DATASET RECORDS: Begin

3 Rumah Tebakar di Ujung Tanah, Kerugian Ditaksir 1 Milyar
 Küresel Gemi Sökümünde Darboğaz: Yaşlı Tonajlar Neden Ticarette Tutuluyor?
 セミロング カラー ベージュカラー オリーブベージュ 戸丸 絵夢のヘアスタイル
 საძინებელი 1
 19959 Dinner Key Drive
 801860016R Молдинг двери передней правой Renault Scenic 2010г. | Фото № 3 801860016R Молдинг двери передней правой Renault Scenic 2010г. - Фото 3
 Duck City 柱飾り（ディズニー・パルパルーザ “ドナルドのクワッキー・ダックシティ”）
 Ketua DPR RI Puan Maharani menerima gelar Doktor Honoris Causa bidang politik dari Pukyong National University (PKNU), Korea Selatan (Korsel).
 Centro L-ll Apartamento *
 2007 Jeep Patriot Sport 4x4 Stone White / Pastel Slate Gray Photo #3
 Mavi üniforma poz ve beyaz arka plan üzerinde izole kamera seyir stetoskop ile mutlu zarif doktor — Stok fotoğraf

DATASET RECORDS: End

EXERCISE REQUIREMENTS:
The material must be written out again in full and without changes.

ANSWER:
3 Rumah Tebakar di Ujung Tanah, Kerugian Ditaksir 1 Milyar
 Küresel Gemi Sökümünde Darboğaz: Yaşlı Tonajlar Neden Ticarette Tutuluyor?
 セミロング カラー ベージュカラー オリーブベージュ 戸丸 絵夢のヘアスタイル
 საძინებელი 1
 19959 Dinner Key Drive
 801860016R Молдинг двери передней правой Renault Scenic 2010г. | Фото № 3 801860016R Молдинг двери передней правой Renault Scenic 2010г. - Фото 3
 Duck City 柱飾り（ディズニー・パルパルーザ “ドナルドのクワッキー・ダックシティ”）
 Ketua DPR RI Puan Maharani menerima gelar Doktor Honoris Causa bidang politik dari Pukyong National University (PKNU), Korea Selatan (Korsel).
 Centro L-ll Apartamento *
 2007 Jeep Patriot Sport 4x4 Stone White / Pastel Slate Gray Photo #3
 Mavi üniforma poz ve beyaz arka plan üzerinde izole kamera seyir stetoskop ile mutlu zarif doktor — Stok fotoğraf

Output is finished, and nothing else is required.